▶ [PROBLEM STATEMENT]: In the records below, find the line holding "声泪俱下的俱是什么意思是什么" and the line holding "I Heart Dog". Set down both, with every line between them, exactly.

--- INPUT DATA ---

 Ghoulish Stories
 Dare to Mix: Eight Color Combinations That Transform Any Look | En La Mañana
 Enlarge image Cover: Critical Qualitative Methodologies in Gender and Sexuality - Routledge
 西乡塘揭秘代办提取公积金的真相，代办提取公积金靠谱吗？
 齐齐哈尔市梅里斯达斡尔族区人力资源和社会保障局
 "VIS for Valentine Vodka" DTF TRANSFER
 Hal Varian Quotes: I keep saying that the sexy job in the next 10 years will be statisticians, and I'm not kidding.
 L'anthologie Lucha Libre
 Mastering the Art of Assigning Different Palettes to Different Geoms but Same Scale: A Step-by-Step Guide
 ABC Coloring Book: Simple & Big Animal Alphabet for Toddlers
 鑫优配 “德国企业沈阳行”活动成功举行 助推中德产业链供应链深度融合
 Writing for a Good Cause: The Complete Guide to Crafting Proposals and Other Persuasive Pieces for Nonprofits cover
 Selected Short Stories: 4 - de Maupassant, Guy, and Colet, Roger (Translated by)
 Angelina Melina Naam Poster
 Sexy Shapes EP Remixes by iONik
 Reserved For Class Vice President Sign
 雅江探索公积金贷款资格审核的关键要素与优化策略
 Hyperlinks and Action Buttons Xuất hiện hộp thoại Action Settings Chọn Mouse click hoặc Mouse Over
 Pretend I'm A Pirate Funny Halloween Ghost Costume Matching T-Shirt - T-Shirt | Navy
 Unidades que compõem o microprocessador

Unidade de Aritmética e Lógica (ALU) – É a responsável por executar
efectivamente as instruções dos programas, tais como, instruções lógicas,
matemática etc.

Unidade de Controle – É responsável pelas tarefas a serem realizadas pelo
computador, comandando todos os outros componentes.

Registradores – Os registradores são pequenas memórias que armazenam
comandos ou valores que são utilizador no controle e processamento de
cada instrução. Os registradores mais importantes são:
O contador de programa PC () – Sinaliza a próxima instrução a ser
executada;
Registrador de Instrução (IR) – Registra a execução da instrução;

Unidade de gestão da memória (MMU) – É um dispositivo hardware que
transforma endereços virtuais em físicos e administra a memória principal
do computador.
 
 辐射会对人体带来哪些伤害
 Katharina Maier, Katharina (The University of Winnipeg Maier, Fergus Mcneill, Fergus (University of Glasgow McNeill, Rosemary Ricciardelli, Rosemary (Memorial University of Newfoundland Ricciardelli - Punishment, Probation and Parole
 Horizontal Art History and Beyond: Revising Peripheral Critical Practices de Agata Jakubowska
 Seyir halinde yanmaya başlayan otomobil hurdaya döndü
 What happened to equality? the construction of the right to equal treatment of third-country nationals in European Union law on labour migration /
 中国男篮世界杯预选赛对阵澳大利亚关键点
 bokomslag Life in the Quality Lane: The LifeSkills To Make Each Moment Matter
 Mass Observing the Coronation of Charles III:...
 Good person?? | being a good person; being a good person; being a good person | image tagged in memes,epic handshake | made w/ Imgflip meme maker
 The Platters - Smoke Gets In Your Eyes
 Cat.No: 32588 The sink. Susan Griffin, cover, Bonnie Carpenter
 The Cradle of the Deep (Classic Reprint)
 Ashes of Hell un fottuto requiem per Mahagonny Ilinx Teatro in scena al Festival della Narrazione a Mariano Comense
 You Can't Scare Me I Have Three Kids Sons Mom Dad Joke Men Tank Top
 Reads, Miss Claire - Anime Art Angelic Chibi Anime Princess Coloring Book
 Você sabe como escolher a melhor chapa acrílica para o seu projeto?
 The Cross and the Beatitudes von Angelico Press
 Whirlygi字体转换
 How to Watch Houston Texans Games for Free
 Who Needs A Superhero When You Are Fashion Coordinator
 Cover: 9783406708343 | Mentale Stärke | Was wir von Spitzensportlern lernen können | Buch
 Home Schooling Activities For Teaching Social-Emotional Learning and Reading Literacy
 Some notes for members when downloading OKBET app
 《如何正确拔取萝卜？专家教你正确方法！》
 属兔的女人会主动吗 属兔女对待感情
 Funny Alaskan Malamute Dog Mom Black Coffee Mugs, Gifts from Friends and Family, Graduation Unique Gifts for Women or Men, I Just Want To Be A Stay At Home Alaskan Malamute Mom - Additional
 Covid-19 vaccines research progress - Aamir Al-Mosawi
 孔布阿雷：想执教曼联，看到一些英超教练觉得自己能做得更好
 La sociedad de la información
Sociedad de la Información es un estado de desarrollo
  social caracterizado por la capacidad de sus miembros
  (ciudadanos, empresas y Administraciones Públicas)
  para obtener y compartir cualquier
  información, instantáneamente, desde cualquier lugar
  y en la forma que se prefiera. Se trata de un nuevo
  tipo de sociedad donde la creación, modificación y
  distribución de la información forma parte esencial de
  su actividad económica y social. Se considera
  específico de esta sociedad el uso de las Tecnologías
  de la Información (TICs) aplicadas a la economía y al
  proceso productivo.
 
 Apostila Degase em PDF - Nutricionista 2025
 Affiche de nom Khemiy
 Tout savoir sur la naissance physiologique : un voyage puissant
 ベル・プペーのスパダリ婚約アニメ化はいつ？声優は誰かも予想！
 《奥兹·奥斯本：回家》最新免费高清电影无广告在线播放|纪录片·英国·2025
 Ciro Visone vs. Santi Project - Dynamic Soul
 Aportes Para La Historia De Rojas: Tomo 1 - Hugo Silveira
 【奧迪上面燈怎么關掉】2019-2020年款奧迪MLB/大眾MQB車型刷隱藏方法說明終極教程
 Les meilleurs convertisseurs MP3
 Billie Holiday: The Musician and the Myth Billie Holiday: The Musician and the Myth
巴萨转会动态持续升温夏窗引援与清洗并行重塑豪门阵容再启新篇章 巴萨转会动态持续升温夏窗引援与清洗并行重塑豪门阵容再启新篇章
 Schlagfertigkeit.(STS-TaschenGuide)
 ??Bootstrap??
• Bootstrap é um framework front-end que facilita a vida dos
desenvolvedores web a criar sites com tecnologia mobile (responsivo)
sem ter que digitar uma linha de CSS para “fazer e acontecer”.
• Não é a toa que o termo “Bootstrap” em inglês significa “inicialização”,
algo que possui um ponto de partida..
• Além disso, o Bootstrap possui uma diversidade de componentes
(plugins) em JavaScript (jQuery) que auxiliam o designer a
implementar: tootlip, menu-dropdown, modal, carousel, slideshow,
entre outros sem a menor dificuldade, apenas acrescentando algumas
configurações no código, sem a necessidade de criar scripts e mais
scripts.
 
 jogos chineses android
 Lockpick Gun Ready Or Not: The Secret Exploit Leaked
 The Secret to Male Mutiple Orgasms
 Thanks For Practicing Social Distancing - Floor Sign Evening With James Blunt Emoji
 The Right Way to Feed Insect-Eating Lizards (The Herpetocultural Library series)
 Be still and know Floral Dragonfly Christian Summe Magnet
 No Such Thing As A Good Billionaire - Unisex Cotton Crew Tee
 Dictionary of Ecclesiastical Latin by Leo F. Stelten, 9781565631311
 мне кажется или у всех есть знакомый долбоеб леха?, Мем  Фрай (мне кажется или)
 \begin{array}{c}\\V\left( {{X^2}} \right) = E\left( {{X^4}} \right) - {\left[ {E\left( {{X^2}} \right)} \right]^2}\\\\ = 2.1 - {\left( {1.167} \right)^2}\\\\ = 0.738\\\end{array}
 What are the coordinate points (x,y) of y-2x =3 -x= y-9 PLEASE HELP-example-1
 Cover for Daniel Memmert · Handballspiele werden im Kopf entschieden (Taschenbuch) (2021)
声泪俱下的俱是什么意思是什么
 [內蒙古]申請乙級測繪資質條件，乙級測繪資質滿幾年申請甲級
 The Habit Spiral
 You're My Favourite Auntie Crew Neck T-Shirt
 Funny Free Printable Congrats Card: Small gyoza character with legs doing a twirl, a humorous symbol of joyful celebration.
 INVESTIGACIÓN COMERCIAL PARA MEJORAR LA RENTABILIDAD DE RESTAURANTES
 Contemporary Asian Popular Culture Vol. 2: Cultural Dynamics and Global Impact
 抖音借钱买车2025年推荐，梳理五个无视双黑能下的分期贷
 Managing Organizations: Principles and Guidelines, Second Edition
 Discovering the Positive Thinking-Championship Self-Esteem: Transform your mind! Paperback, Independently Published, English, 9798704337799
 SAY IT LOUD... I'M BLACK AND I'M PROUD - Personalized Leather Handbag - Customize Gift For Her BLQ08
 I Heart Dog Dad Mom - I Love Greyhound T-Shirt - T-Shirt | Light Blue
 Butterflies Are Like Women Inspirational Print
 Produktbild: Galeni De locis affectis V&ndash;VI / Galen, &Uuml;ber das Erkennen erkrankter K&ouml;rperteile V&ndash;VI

---

▶ [ANSWER]:
声泪俱下的俱是什么意思是什么
 [內蒙古]申請乙級測繪資質條件，乙級測繪資質滿幾年申請甲級
 The Habit Spiral
 You're My Favourite Auntie Crew Neck T-Shirt
 Funny Free Printable Congrats Card: Small gyoza character with legs doing a twirl, a humorous symbol of joyful celebration.
 INVESTIGACIÓN COMERCIAL PARA MEJORAR LA RENTABILIDAD DE RESTAURANTES
 Contemporary Asian Popular Culture Vol. 2: Cultural Dynamics and Global Impact
 抖音借钱买车2025年推荐，梳理五个无视双黑能下的分期贷
 Managing Organizations: Principles and Guidelines, Second Edition
 Discovering the Positive Thinking-Championship Self-Esteem: Transform your mind! Paperback, Independently Published, English, 9798704337799
 SAY IT LOUD... I'M BLACK AND I'M PROUD - Personalized Leather Handbag - Customize Gift For Her BLQ08
 I Heart Dog Dad Mom - I Love Greyhound T-Shirt - T-Shirt | Light Blue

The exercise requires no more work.